Sunday, September 19, 2010

A quart in a pint pot won't go

I got up this morning with the best of intentions, but accidentally spent half an hour reading flim-flam on the internet when I should have been wrestling with a bicycle tyre.

A bicycle tyre that I had to use a seven-inch tyre lever, a pair of needle-nosed pliers and a hammer to fix, and, even after deploying this plethora of tools to get it off the wheel and insert a fresh inner tube, I found myself powerless to get the tyre properly seated back on the rim of the wheel.
After half an hour of this fruitless endeavour, and noticing that the tyre was practically bald anyway, I took it to the local bike shop to buy a new one. Of course, the shop doesn't open until 11, so I stood outside sweating. Oh, boy, was I sweaty. I wiped my brow and there were droplets of sweat on my hands; not just damp, but slick with perspiration. Luckily after a quarter of an hour a man let me in, I flung the wheel and some cash at him, and ran off.

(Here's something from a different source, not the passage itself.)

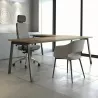 Bureau avec retour So Bedar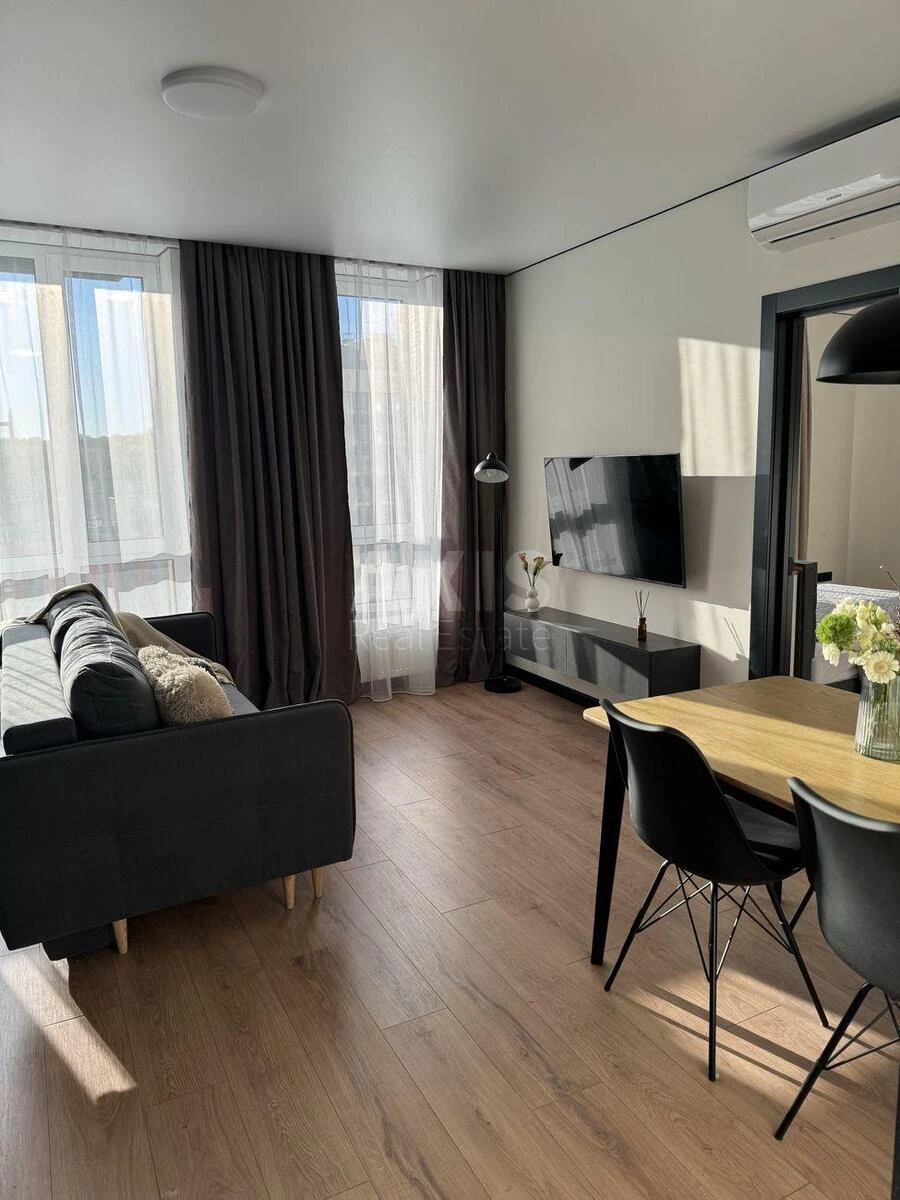 1k apartment shose Stolychne 9678562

The rest of the day began to blur together. One minute I'm on the floor of a dance studio in Sai Wan Ho, my elbow trapped in somebody's armpit while they squash my hand till I yelp, the next I'm on the street outside the bike shop, talking to my friend Natalie that I haven't seen for a year, before getting home and being told off for leaving bicycle-related detritus all over the flat, then coming close to keeling over on the MTR, and finally getting on board a ferry to Macau to feel a bit noisome (although that could just as easily have been Blood's A Rover as seasickness).

Fernando's was ok. The company was good, but paying 300 dollars to travel for two hours just to watch other people eat chicken and fish while you have bread and salad ... well, it's not the meal I would have chosen. Still, I got to catch up with some friends I haven't seen all year, and see how the Cotai Strip has become shinier again, now they've been able to start assembling new casinos once more.

We caught the ferry home to Hong Kong with minutes to spare. Once we were seated, we heard an announcement, stating that "We will be serving complimentary snacks and beverages ... For Cotai First passengers." It was the pause there, together with the terribly-pleased-by-itself tone of the voice, that made me suspect they really wanted to say "You scum downstairs can pay."  Curse my stinking luck for not being able to spend the extra 50 dollars to get a free cup of coffee and a leg of squid.